Right. It's not about whether people are interested in the port but whether they are prepared to invest in it. From the AArch64 port point of view, I know just how much investment that is. I already mentioned this in a private reply to someone else: I think one of the problems with OpenJDK in this regard is that the core developers are testing their changes on the platforms supported by Oracle only. I very often see mails with the subject "RFR-NNNNNN: Build broken on $ARCH after JDK-XXXXXXX" which is something I don't see that often in other projects like Rust or GCC. Sure, they also have regressions that affect certain architectures only, but in OpenJDK this happens much more frequently from what I have observed.
It happens regularly with glibc (mostly with Hurd and s390x) and GCC (AIX boostrap failures anyone?). It is simply the result of a tiered building and testing strategy.
I don't know what the numbers look like for OpenJDK, but building glibc on all targets costs between 10and10 and 10and20 in the public cloud. That's just building, no code execution tests have actually run at that point. That means that commits have to be tested in batches, usually after they land in the main development repository.
In my opinion, it would be more efficient if everyone tested their changes on all supported architectures. This way potential regressions are detected much earlier and will most likely not reach get committed to the main repository.
Sure, but that means that if you want to keep the SPARC port alive, you will have to provide porter boxes, builders and testers.
The community has set up a variety of machines in the GCC compile farm to make this possible:
https://gcc.gnu.org/wiki/CompileFarm Any open source developer can request an account there and test their changes on various different platforms.

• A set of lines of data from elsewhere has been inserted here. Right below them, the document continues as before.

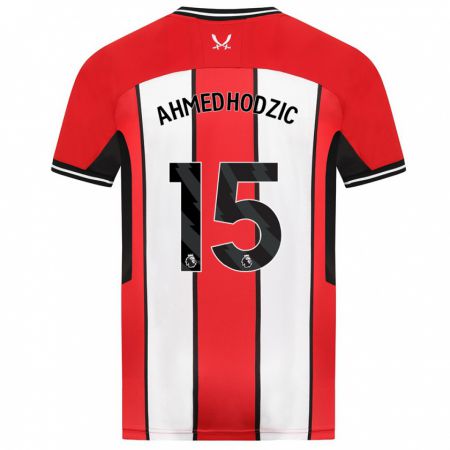 Kandiny Férfi Anel Ahmedhodzic #15 Piros Hazai Jersey 2023/24 Mez Póló Ing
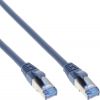 InLine Patch Cable - S / FTP (PiMf) - Cat.6A - 500MHz - Halogen Free - Copper - Blue - 15m (76815B)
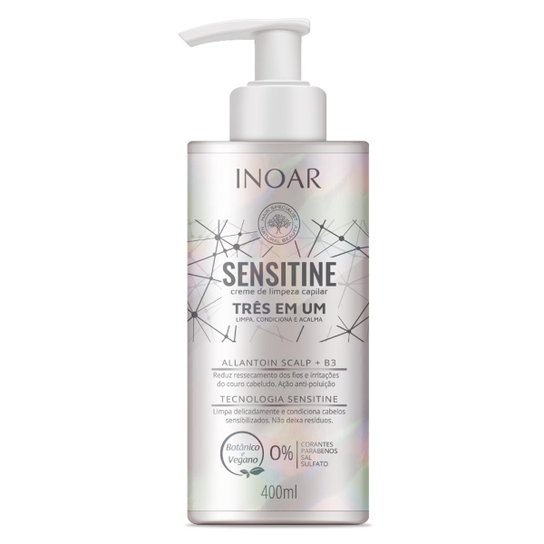 Creme de Limpeza Capilar Sensitine Inoar 400ml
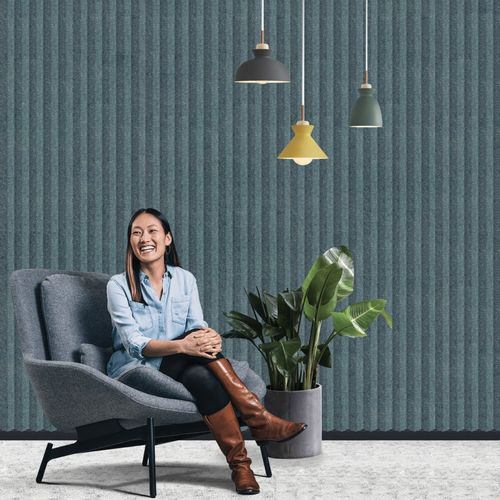 Innenwandverkleidung - ECO W - Slalom - Polyester / texturiert / Stoffoptik
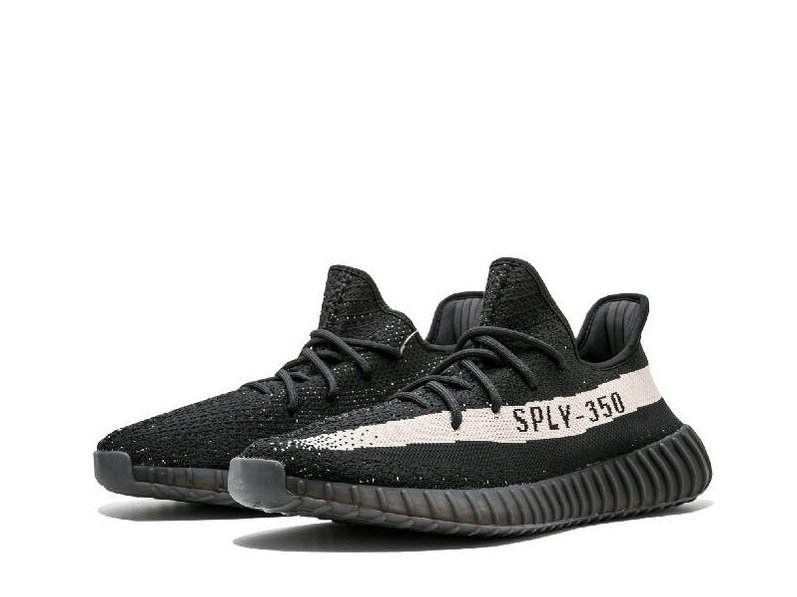 real black and white yeezys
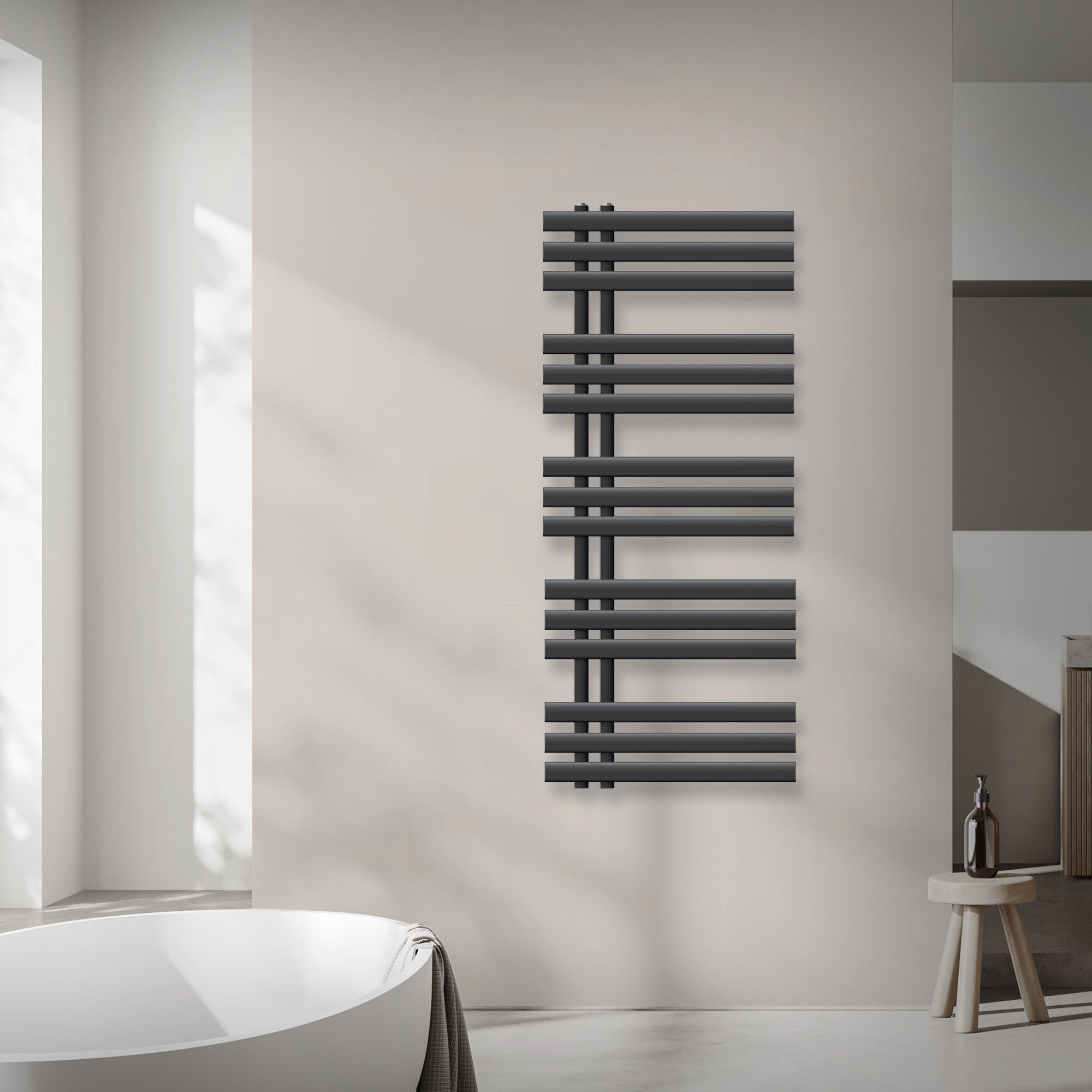 Sèche-serviettes électrique 500x1200 mm anthracite 1200W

Aren't all SPARC compile farm machines offline?
That's not the experience I made. Usually GCC developers make their changes across all architectures and test them. It's not that code for m68k is touched by the m68k maintainer only, for example.
GCC is rather successful with their model, in my opinion, which can be seen from the large number of supported targets which even includes very obscure and old ones like PDP-11 and VAX.
GCC faces pretty much the same issues as OpenJDK. As you well know, the m68k target (and a couple of others) will likely be removed along with the removal of the cc0 support due to its maintenance cost, same rationale as with OpenJDK.